WHAT IS BEING ASKED:
Lines in the data below that contain the word "kittens" are to be copied.

Records drawn from a dataset:

☆ ☆ ☆ ☆

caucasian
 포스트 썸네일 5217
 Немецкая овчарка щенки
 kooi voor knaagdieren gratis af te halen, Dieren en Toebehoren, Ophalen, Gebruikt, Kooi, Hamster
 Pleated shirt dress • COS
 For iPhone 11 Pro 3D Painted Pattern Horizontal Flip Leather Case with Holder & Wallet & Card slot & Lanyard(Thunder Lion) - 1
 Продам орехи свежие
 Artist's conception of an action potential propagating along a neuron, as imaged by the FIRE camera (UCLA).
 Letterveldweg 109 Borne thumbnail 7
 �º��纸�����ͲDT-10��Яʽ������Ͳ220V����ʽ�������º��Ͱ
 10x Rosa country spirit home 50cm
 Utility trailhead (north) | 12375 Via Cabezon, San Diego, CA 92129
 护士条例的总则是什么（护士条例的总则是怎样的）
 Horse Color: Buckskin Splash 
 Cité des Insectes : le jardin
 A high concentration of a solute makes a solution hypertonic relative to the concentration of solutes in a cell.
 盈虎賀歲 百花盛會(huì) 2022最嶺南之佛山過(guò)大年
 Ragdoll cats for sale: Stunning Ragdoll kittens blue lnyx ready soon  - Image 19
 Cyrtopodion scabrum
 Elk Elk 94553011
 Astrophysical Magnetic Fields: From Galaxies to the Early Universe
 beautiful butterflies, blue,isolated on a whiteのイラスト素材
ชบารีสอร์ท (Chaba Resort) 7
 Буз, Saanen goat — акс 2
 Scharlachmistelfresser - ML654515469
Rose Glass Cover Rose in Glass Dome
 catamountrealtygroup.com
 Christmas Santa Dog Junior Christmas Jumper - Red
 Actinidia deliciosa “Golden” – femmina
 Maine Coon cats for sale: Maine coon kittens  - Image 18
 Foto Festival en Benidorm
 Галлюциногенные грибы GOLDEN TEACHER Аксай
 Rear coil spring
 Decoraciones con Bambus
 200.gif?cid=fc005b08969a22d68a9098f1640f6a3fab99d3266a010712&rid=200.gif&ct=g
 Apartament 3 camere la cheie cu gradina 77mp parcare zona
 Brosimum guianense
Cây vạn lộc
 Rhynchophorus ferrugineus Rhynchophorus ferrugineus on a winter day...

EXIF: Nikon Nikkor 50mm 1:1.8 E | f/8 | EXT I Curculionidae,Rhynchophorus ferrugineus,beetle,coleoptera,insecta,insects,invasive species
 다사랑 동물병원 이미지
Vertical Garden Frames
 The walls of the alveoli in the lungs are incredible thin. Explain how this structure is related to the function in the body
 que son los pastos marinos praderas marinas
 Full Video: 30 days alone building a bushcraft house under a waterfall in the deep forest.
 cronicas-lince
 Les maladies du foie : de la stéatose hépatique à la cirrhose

☆ ☆ ☆ ☆

RESULT OF THIS TASK:
 Ragdoll cats for sale: Stunning Ragdoll kittens blue lnyx ready soon  - Image 19
 Maine Coon cats for sale: Maine coon kittens  - Image 18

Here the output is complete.